Another Topological Sort Example

Consider the following items of clothing to wear:

ShirtSlacksShoesSocksBeltUndergarments

1 2 3 4 5 6

There isn't exactly one order to put these items on, but we must adhere to certain restrictions

Socks must be put on before Shoes

Undergarments must be put on before Slacks and Shirt

Slacks must be put on before Belt

Slacks must be put on before Shoes

Using this information we can create this directed acyclic (dag) graph:

6 ------> 1

|

|

v

2------>5

|

|

v

3<------4

This is created by placing a directed edge from each item that must come before another item to that other item.

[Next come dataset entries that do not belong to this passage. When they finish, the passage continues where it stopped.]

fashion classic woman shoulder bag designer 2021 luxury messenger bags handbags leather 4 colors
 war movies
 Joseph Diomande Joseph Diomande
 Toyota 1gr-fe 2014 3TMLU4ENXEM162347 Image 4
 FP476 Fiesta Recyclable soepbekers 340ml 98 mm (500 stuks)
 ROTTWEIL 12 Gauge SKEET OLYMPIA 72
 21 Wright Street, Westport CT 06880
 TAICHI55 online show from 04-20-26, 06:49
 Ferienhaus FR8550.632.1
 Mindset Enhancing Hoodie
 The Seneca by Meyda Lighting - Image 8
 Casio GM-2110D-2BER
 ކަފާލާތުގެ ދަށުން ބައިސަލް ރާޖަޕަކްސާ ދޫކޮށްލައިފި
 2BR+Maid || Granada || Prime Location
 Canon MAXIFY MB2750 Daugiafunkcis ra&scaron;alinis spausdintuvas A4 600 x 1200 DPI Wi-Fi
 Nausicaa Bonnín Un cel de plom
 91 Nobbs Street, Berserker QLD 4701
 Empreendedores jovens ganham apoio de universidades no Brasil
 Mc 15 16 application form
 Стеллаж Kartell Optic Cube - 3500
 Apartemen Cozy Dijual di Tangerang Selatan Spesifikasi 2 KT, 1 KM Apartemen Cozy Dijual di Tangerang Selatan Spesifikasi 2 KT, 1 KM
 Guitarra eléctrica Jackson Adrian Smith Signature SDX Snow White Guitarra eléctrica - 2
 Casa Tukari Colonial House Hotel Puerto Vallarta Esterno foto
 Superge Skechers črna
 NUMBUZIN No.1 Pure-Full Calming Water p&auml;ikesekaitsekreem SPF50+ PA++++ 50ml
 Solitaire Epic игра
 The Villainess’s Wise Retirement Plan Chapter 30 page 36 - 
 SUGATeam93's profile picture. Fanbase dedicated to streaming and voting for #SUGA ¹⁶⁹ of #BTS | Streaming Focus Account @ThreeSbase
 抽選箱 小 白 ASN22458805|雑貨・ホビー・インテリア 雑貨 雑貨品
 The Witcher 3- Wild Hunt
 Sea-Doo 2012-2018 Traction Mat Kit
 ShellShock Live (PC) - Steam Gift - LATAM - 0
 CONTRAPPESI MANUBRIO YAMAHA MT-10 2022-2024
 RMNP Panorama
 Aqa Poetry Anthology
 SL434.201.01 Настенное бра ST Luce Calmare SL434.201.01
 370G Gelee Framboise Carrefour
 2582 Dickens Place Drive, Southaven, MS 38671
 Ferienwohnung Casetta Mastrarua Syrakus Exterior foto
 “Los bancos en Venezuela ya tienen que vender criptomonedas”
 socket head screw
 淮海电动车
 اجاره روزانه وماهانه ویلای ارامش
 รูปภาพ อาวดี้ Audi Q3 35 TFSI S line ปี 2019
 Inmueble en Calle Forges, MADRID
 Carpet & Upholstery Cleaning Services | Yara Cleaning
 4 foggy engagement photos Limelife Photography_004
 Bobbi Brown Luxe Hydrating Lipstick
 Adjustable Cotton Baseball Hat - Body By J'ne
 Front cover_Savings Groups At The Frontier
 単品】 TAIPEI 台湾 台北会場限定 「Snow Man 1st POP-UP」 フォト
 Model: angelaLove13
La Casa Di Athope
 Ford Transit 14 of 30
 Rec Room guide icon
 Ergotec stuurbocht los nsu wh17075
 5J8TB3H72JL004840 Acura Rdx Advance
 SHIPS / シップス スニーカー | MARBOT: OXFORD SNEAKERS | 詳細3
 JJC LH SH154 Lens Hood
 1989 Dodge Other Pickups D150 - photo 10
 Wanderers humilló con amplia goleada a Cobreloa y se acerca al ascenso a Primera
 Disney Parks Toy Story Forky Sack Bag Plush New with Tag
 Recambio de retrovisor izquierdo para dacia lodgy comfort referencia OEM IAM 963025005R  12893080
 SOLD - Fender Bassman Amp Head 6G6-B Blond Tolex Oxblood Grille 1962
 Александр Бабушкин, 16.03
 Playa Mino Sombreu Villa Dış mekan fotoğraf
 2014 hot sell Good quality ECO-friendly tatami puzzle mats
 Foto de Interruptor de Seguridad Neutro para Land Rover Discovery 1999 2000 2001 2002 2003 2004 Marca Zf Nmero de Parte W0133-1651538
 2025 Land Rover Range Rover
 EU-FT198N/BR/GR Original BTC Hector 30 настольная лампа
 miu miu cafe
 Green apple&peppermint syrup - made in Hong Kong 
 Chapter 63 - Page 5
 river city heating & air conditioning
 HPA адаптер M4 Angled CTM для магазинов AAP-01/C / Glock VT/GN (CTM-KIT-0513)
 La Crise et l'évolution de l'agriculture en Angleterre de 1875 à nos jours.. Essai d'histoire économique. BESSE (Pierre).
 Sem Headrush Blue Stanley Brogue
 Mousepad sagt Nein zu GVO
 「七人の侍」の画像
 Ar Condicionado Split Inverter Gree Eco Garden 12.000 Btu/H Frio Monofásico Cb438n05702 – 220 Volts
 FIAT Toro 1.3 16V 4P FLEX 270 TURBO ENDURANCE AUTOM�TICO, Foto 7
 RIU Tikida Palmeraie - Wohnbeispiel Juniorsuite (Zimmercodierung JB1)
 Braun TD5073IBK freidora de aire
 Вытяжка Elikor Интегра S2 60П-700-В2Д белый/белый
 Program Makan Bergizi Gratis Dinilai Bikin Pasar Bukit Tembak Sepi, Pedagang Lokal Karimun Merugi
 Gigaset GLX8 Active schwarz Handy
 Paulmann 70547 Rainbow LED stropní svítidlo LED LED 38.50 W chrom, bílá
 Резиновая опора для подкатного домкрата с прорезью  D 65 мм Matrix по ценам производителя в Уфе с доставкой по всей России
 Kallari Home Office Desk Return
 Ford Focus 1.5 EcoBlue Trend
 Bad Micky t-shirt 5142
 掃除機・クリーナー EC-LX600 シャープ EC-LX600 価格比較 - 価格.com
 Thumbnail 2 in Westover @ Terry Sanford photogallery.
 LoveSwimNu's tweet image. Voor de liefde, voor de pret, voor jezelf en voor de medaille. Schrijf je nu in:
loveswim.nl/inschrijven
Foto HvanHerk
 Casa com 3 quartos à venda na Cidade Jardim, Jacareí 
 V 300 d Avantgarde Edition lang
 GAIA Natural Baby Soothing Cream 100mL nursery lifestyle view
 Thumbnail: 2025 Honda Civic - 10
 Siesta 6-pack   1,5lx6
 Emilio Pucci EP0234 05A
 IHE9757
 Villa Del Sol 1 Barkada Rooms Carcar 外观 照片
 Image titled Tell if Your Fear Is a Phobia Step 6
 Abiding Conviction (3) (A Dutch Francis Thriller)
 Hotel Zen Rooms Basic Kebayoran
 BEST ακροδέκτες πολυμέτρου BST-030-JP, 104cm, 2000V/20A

Let's trace through thepseudocode with the example graph:

6 ------> 1

|

|

v

2------>5

|

|

v

3<------4

When we call top_sort_recurs(adj, 1, ts), we can't get anywhere at all, and will simply end up placing 1 at the end of our topological sort.

Next, we will call top_sort_recurse(adj, 2, ts). We will then proceed to make that same call on vertex 3. Here we get stuck, and will then place vertex 3 at the end of the remaining slots:

3 / 1

1 2 3 4 5 6

Now, we backtrack to vertex 2, and see that we have another node adjacent to it, node 5. Here we get stuck and place that right before node 3:

5 / 3 / 1

1 2 3 4 5 6

Finally, we get back to node 2 with no more adjacent nodes, so it goes in our list:

2 / 5 / 3 / 1

1 2 3 4 5 6

Node 4 is the next unvisited node, so we call top_sort_recurse(adj, 4, ts). There's nothing it's adjacent to that we haven't seen, so it gets placed in index 2. Naturally, it follows that 6 will get placed in index 1.

6 / 4 / 2 / 5 / 3 / 1

1 2 3 4 5 6

So, here's one way we can dress ourselves:

1. Undergarments

2. Socks

3. Slacks

4. Belt

5. Shoes

6. Shirt

Okay, so it's a bit odd, but it'll work!!! Notice that we could get different answers if we simply renumbered the nodes in a different order which would affect the order in which we visit nodes from the non-recursive function.